Posted by: Melvin () on Wed Apr 25 18:10:12 2001


Hello

Jargon about weight shift and insect crushing just goes on and on. It is such simplistic, artificial cause-and-effect thinking. I think a lot of it has to do with the big name weight shift gurus of the 1980s. People are afraid that just maybe there is something to this weight shift thing because so many famous people said there was. Folks are fearful of letting go of something they think might be beneficial.

Angular acceleration of the bat head cannot be produced by shifting weight. Period. When someone demonstrates it from the blackboard, or with practical examples from elite hitters, we can modify that thereom.

A weight shift should not be confused with striding or re-orienting to balance before body rotation accelerates the hands in an arc. That is not a weight shift as defined by the 1980s hitting authorities. It is simply a balancing of the weight between the legs. We don't say a basketball player does a weight shift when he comes to a quick stop before shooting a jumper. He is simply getting balanced. Same with what some people call a weight shift in hitting.

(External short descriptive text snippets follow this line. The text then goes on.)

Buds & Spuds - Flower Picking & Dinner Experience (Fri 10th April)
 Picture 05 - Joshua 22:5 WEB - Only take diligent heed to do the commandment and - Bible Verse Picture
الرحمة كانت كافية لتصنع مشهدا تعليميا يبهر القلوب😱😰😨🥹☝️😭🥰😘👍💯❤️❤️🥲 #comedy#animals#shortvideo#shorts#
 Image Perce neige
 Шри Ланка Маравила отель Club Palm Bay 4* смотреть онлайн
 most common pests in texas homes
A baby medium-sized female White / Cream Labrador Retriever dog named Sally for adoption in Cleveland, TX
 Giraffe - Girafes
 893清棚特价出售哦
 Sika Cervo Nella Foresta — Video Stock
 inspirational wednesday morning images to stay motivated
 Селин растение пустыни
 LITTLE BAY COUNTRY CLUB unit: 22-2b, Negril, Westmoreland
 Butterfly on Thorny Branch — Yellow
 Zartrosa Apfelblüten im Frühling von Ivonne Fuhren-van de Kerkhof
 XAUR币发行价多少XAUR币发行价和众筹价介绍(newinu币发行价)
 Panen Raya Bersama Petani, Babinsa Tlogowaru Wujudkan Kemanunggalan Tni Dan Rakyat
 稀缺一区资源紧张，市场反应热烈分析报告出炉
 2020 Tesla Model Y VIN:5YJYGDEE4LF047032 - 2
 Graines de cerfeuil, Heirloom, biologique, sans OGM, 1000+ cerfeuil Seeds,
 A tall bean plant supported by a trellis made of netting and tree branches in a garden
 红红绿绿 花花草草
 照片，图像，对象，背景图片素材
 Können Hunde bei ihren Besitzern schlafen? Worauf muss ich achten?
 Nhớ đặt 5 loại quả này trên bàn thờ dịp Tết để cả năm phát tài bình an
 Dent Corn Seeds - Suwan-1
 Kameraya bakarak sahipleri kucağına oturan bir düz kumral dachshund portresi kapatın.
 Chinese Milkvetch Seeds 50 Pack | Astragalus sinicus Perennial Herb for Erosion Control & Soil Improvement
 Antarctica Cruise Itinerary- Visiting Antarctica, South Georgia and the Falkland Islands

Once good hitters get balance, there is no shifting of weight forward. It doesn't matter what the follow-through looks like. Some of them pose, some of them move forward after the swing, whatever. But none of them do it while the bat is accelerating. If they did, they would not be good hitters.

I am starting to see many of the good ones take it even further, keeping the back heel down until body rotation pulls it up. Hip rotation, or killing insects, or whatever term is popular these days contributes nothing to bat speed. The back heel coming up is a product of torso rotation. How can spinning the hips at 2-3 mph cause any angular acceleration of the bat head? It can't.

In fact, the best hitters take a page from what golfers have known for a long time: the lower body is best used to provide resistance to the rotating torso and then as a stable platform upon which the body rotates. Add some top hand torque, an slight upswing, circular hand path and unbroken wrists at contact, and you won't be killing bugs, you will be endangering infielders.

Weight shift and bug squashing. Nonsense.